(DATA FOR THE TASK begins)

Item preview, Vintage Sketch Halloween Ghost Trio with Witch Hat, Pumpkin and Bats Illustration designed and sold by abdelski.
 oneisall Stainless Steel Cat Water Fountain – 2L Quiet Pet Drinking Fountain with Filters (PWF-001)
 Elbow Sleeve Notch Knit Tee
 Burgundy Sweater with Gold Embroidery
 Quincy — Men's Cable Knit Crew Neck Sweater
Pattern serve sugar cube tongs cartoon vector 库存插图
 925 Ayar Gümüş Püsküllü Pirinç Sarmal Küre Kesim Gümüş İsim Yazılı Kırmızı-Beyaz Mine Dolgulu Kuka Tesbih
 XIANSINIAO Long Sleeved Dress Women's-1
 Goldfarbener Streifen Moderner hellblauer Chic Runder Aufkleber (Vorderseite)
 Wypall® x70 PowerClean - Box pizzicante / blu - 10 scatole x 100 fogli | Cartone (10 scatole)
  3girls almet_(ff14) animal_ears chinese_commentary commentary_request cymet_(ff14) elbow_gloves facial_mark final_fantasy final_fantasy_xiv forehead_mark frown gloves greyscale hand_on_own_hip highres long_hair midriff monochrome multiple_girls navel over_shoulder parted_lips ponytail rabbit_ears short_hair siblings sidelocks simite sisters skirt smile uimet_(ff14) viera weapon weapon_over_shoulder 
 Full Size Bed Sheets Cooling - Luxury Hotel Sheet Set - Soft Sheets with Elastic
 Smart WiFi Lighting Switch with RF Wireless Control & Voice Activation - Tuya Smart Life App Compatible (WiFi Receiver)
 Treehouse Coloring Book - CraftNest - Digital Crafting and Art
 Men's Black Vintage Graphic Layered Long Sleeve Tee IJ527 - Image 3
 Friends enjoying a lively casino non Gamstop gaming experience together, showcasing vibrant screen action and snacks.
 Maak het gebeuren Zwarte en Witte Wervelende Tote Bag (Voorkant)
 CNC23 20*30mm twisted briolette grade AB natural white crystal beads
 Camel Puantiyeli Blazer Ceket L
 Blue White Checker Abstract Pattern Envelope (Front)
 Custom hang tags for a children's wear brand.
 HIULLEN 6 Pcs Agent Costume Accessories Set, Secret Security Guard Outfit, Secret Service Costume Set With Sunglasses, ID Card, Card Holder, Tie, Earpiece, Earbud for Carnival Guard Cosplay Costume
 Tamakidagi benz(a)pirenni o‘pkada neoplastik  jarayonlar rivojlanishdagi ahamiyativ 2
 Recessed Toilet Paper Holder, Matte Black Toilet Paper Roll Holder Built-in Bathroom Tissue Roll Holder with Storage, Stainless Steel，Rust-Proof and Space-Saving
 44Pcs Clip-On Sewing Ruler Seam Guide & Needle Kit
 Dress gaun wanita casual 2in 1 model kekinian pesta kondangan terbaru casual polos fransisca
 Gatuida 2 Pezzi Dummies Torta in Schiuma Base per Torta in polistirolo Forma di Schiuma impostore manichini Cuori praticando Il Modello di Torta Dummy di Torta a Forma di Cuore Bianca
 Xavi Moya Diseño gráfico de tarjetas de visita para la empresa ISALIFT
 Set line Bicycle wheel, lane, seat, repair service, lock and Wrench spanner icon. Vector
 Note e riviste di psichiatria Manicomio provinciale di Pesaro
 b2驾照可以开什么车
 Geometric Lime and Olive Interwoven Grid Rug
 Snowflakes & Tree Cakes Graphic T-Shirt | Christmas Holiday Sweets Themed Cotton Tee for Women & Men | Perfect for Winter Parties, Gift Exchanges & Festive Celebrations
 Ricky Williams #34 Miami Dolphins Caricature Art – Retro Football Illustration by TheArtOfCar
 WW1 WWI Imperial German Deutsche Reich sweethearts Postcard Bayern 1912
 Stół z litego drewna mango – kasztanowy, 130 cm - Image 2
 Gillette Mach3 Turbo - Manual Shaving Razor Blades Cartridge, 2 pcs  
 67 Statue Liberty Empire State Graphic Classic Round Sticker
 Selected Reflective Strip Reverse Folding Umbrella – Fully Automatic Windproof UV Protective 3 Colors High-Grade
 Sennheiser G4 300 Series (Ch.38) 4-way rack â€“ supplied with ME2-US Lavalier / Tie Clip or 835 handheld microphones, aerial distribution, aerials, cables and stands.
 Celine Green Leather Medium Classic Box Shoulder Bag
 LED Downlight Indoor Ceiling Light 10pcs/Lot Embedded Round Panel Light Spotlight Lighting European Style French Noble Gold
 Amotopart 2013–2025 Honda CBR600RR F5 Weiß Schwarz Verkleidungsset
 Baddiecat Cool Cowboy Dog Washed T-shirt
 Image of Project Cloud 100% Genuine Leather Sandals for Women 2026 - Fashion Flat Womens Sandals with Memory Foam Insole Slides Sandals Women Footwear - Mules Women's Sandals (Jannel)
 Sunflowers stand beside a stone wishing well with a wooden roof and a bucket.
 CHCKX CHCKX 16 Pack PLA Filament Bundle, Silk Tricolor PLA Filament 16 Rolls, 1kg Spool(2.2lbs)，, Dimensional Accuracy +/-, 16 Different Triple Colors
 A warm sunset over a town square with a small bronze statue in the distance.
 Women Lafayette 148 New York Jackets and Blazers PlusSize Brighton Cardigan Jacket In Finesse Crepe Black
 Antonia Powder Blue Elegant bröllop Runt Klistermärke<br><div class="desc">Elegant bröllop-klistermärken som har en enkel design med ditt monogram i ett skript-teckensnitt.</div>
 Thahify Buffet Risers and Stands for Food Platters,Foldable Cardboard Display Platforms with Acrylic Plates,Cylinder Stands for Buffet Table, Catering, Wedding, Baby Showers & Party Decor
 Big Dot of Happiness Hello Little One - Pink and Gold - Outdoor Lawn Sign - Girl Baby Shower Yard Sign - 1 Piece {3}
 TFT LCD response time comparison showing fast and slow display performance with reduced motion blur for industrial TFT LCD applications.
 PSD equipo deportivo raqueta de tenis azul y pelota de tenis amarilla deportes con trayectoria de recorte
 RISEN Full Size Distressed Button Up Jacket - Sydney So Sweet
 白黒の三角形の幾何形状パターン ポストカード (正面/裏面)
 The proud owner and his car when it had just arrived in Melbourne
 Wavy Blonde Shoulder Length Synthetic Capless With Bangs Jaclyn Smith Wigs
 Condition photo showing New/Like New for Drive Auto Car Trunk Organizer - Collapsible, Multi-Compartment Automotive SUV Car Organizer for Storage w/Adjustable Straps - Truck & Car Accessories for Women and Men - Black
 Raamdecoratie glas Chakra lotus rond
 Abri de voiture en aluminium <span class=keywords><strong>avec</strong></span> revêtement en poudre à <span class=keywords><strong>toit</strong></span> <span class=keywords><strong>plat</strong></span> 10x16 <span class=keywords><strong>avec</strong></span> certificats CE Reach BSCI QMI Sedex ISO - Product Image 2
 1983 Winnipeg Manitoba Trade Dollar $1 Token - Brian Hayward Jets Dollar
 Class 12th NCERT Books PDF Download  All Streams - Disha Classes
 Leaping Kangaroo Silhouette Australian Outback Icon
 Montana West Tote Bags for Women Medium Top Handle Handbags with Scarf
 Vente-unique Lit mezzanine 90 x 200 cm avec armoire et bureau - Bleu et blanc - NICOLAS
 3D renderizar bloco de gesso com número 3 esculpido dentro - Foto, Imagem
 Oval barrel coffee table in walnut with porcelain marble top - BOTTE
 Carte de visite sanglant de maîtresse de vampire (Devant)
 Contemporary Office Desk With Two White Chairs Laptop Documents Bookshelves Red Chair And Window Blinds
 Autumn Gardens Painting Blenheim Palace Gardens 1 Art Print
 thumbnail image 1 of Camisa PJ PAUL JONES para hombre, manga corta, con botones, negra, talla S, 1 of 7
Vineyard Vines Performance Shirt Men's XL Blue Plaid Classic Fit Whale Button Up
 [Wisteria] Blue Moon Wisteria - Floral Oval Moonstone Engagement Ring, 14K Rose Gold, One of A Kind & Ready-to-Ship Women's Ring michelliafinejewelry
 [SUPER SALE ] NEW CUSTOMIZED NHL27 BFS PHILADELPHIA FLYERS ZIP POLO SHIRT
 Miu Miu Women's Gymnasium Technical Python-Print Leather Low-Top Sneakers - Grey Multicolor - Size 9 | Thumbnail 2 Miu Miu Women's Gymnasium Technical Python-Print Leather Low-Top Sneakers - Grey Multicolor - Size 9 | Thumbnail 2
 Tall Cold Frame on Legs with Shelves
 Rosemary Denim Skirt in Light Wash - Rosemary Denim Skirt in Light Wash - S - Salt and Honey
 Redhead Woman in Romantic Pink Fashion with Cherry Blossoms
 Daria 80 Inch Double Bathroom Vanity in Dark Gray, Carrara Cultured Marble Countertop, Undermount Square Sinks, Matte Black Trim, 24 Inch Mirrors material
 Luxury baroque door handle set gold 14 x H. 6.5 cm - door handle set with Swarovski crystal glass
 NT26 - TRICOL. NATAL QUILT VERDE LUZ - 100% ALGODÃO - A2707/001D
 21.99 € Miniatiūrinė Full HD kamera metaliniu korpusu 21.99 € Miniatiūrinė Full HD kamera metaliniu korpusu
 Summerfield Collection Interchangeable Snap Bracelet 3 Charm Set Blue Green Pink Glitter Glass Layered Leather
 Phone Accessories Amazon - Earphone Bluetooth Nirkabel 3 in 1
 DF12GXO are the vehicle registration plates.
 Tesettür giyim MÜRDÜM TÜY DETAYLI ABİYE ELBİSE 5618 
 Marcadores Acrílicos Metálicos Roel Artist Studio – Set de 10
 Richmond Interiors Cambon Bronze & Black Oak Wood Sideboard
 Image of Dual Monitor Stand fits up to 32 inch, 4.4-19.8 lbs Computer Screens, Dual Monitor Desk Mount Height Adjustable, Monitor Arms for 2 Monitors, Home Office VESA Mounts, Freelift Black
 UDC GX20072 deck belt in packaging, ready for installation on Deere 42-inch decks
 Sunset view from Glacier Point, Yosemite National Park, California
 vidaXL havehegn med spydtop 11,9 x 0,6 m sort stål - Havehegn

(DATA FOR THE TASK ends)

▸ **WHAT THIS TASK INVOLVES**
All lines above from the line with "Luxury baroque door" through the line with "Summerfield Collection Interchangeable", both included, are to be set down exactly, with nothing else.

▸ **THE COMPLETED TASK**
 Luxury baroque door handle set gold 14 x H. 6.5 cm - door handle set with Swarovski crystal glass
 NT26 - TRICOL. NATAL QUILT VERDE LUZ - 100% ALGODÃO - A2707/001D
 21.99 € Miniatiūrinė Full HD kamera metaliniu korpusu 21.99 € Miniatiūrinė Full HD kamera metaliniu korpusu
 Summerfield Collection Interchangeable Snap Bracelet 3 Charm Set Blue Green Pink Glitter Glass Layered Leather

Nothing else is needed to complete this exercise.